Sitting too much is worse than smoking. Active people live longer. In countries with good longevity, the elderly are mobile and active late into life. They do not sit at their desks for 10 hours a day and they walk to wherever they are going. They tend to their own garden, bike to town, and stay active altogether. A study published in the journal Maturitas, found that “exercise can partially reverse the effects of the aging process on physiological functions and preserve functional reserves in the elderly. Numerous studies have shown that maintaining a minimum quantity and quality of exercise decreases the risk of death, prevents the development of certain cancers, lowers the risk of osteoporosis, and increases longevity. A study published in the journal ESC Heart Failure found that “exercise is a tool of primary prevention in heart failure patients.”
3. Meditation And Yoga
If you want to live longer you need to find ways to manage your stress. For me that is daily yoga, twice daily meditation, deep breathing, and cardio exercise every other day. Other tools for stress management include kirtan, qigong, mindful walking, and doing the things that you love. A review published in the Journal of the American Medical Association found that “studies of meditation suggest a possible benefit on cardiovascular risk, although the overall quality and, in some cases, quantity of study data are modest.” Another study published in the journal Experimental and Clinical Endocrinology & Diabetes found that yoga seems to be an effective treatment for hypertension.
4. Be Social
Having friends is an important part of staying healthy. Anxiety increased as a result of the pandemic largely because spending too much time by yourself is not good for your health. It is those that maintain relationships through the busiest parts of middle age that are healthy long into life. Participate in group hobbies, plan at least a few outings a week, stay in close contact with those you love, and cut the toxic people from your life. Being social does not just mean being with people, it means being with people that you connect with on a regular basis. A study published in the Journal Proceedings of the National Academy of Sciences of the United States of America, found that “social isolation increased the risk of inflammation by the same magnitude as physical inactivity in adolescence, and the effect of social isolation on hypertension exceeded that of clinical risk factors such as diabetes in old age.” Another study published in the journal BMC Public Health found that “in this Mediterranean population, maintaining an important role in the lives of one's grown children is associated with survival.”

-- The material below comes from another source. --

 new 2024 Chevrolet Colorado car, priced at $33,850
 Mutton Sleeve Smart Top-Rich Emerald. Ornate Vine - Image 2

5. Sleep More Than You Think
The cultures where people sleep the most, tend to have people that live longer. Taking naps in the afternoon, getting on a regular sleep cycle, sleeping deeply through the night, managing stress so that it does not cause insomnia—these are all aligned with living longer. Sleep is also closely linked to mental health. Insomniacs are more likely to be anxious and depressed, which can cause inflammation in the body that can shorten longevity. Stay away from the caffeine in the evening, take a warm bath, turn off screens, read a relaxing book, meditate, stretch—these are all tools that can help you get to sleep at night. A review published in the journal Sleep Medicine found that "the cumulative long-term effects of sleep deprivation and sleep disorders have been associated with a wide range of deleterious health consequences including an increased risk of hypertension, diabetes, obesity, depression, heart attack, and stroke.” Another study published in the journal Current Sleep Medicine Reports found that “outside of Alzheimer’s disease drug discovery, sleep is at the forefront of public and scientific interest in cognitive longevity.”